In his loneliness, Omah Lay is desirous of the company of his lover, ‘Julia,’ but this folk-rock mash-up doesn’t hit the spot as an angst anthem or a solid effort about loneliness.
There is no beauty in Omah Lay’s confusion as ‘I Am’, as he misses out on a great opportunity to make a declarative statement. Rather, he chooses to settle on the mundane, a supposed tough guy without gravitas. The melodies on this song, though spectacular, do not wrap his lyrics the way a leather jacket wraps an outlaw biker.
Tempoe produces the closer, ‘Amen,’ a thumping track underscored by Amapiano elements and pierced by Omah Lay’s heavenly vocals. This track showcases the conceptual or thematic dissatisfaction with this album. His quest for financial security replaces his musings for greatness and glory scattered across the album. This then begs the question, “Is this nirvana?”
‘Canada Breeze’ and ‘Coping Mechanism’ featuring ELMAH are the best moments on the song. On the former, Omah Lay is at his most confident. It feels like the true closer for the album, as Omah Lay has overcome his depression and boasts about who he is without sounding like a tough guy. It is a clear march from here to Nirvana with Tempoe stumping on the track.
‘Coping Mechanism’ offers what might be Omah Lay’s antidote: companionship, a shoulder to lean on. With the better vocal performance on the project, ELMAH sings, “Smile for me, don’t be—don’t be sad. I can see it in your countenance, in your countenance.”

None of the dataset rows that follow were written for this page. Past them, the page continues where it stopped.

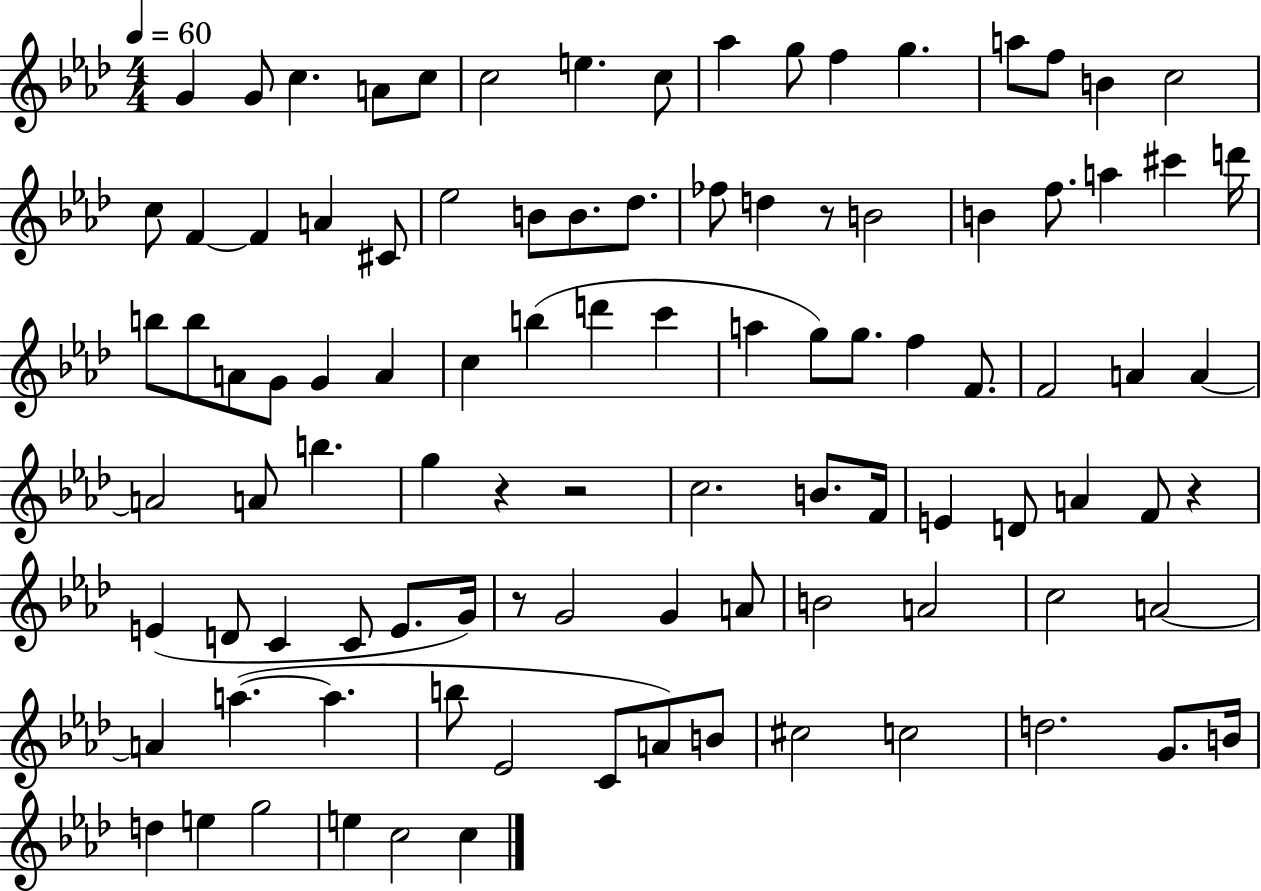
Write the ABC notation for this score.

X:1
T:Untitled
M:4/4
L:1/4
K:Ab
G G/2 c A/2 c/2 c2 e c/2 _a g/2 f g a/2 f/2 B c2 c/2 F F A ^C/2 _e2 B/2 B/2 _d/2 _f/2 d z/2 B2 B f/2 a ^c' d'/4 b/2 b/2 A/2 G/2 G A c b d' c' a g/2 g/2 f F/2 F2 A A A2 A/2 b g z z2 c2 B/2 F/4 E D/2 A F/2 z E D/2 C C/2 E/2 G/4 z/2 G2 G A/2 B2 A2 c2 A2 A a a b/2 _E2 C/2 A/2 B/2 ^c2 c2 d2 G/2 B/4 d e g2 e c2 c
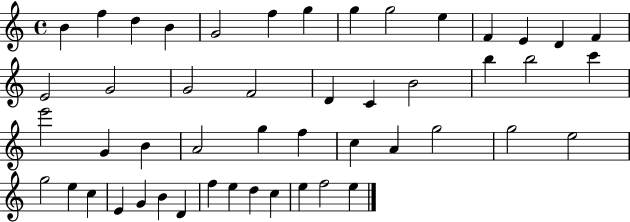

This is the conceptual breakthrough that should have anchored the album, but we don’t get enough of it.
Omah Lay’s reliance on weed, sex and liquor, Afrobeats’ three classic escape devices, is not the album’s flaw. The problem is what they produce: a blurry, indecisive emotional picture.
Clarity of Mind will seduce you with Omah Lay’s dissolving vocal delivery, pockets of melody, and stellar production, but after the rounds of sex, marijuana haze, and drinking rituals, a quiet dissatisfaction begins to gnaw at you.